DESCRIPTION OF THE TASK
Write the listing out once more, identical to the original but without pictures.

DATA PROVIDED

◇ ◇ ◇ ◇ ◇

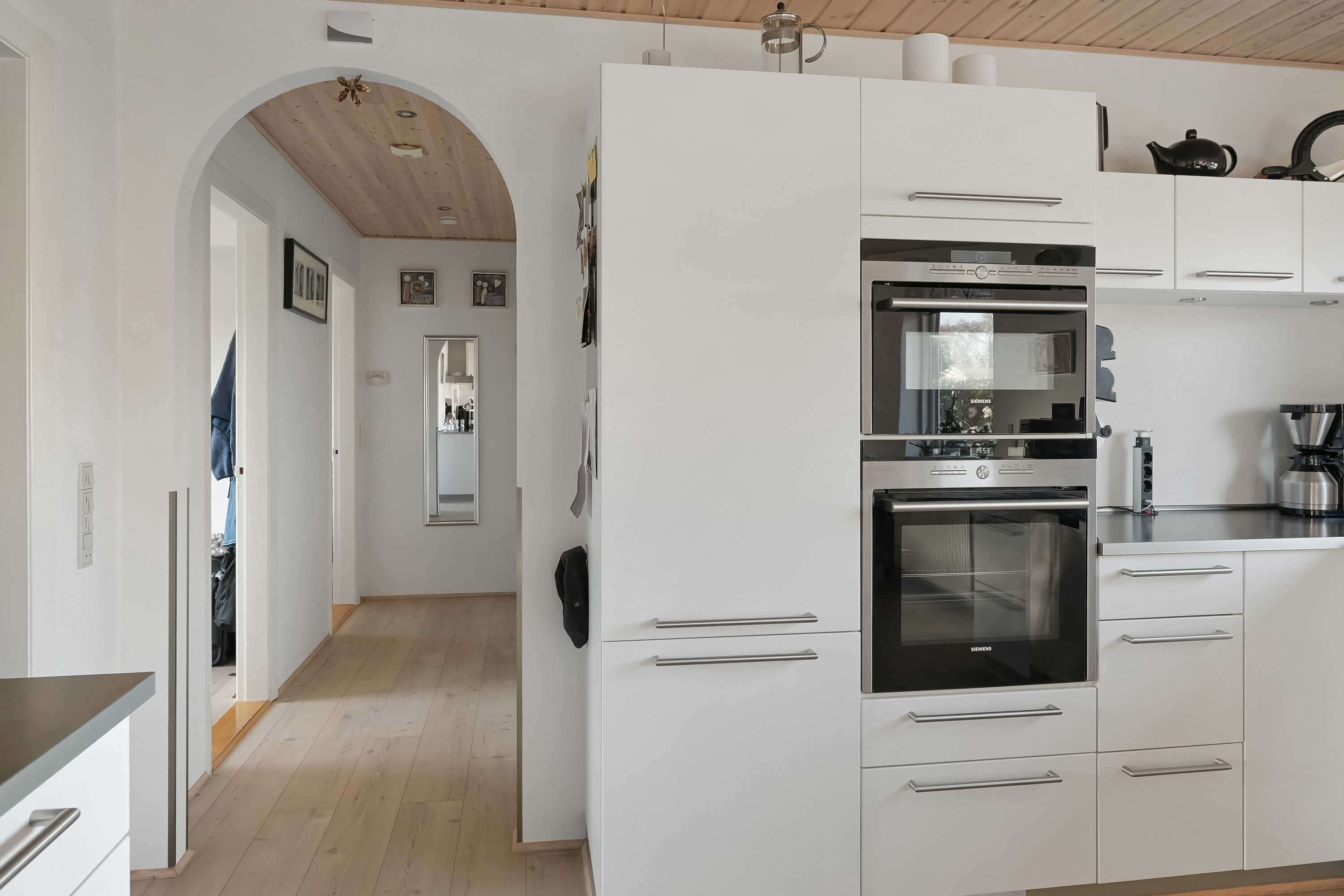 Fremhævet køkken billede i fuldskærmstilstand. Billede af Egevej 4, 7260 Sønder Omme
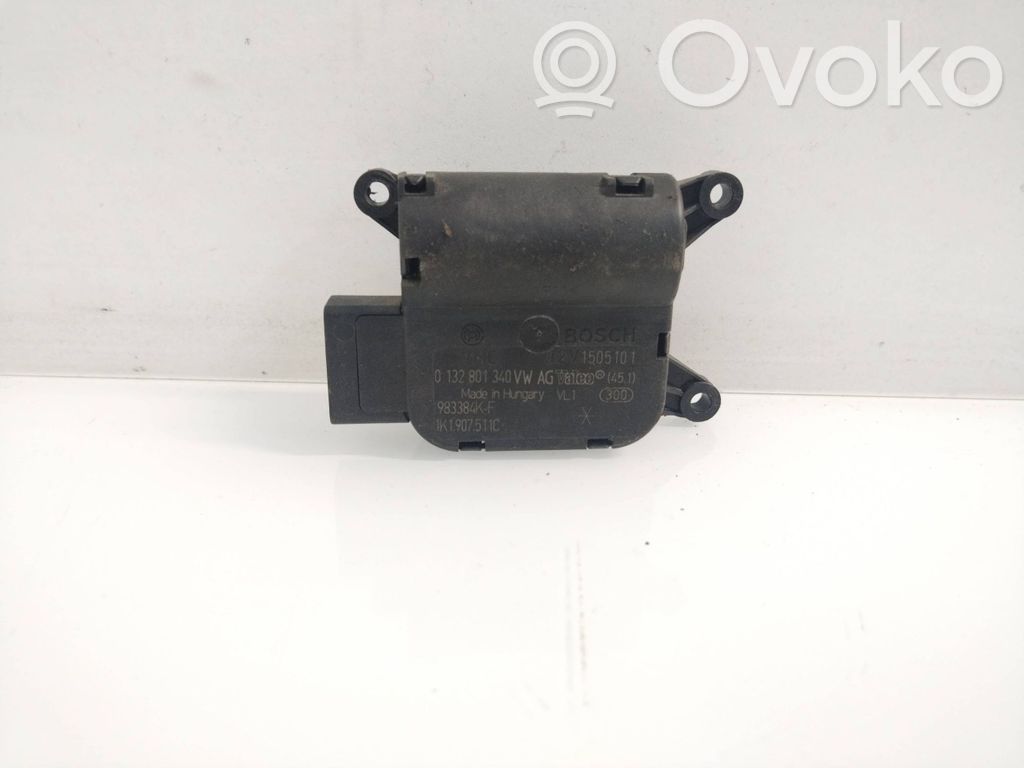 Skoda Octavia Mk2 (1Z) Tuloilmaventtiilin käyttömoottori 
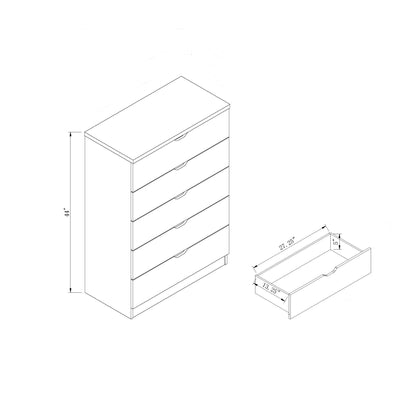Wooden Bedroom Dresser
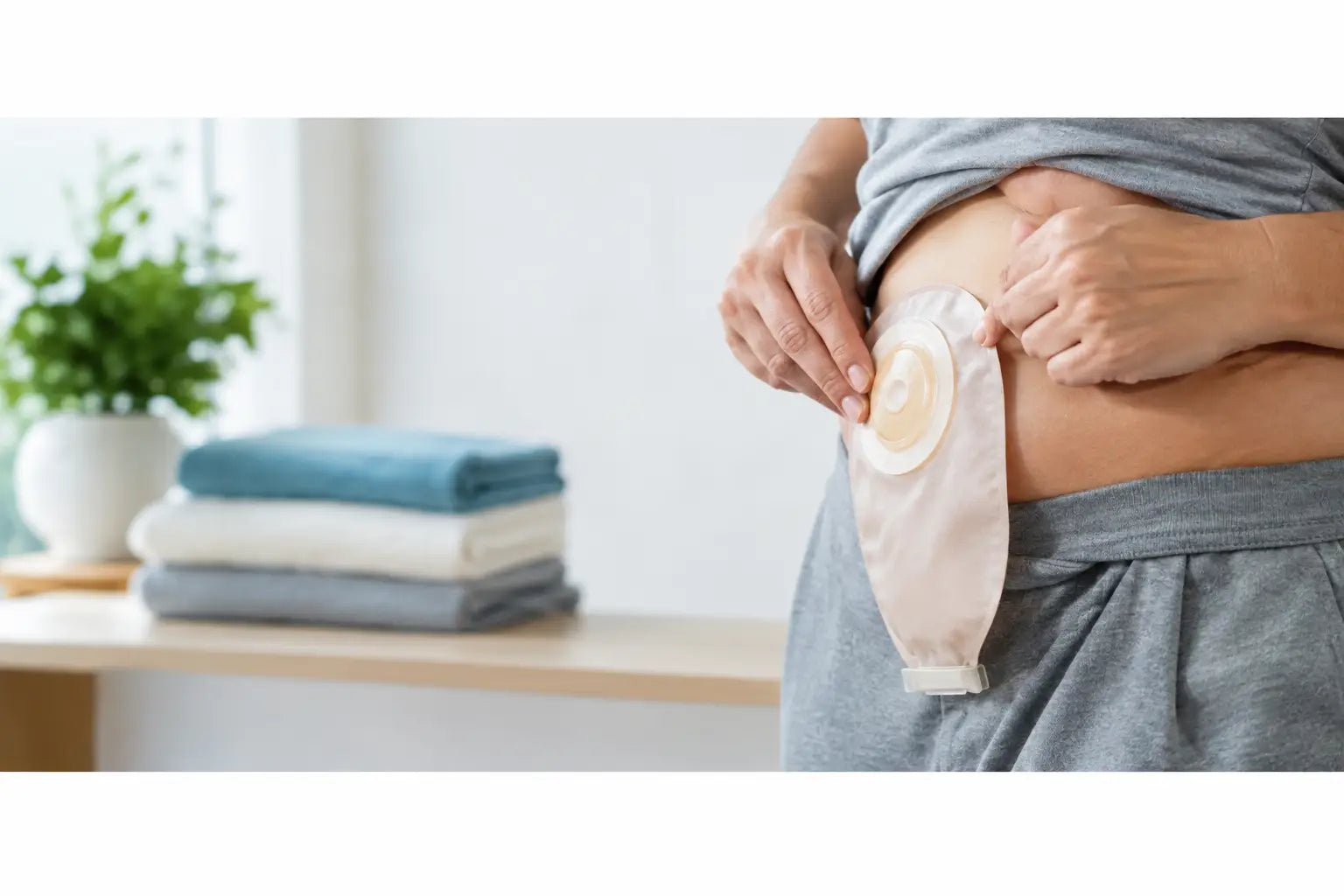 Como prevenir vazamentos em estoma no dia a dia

◇ ◇ ◇ ◇ ◇

THE ANSWER
 Fremhævet køkken billede i fuldskærmstilstand. Billede af Egevej 4, 7260 Sønder Omme
 Skoda Octavia Mk2 (1Z) Tuloilmaventtiilin käyttömoottori 
Wooden Bedroom Dresser
 Como prevenir vazamentos em estoma no dia a dia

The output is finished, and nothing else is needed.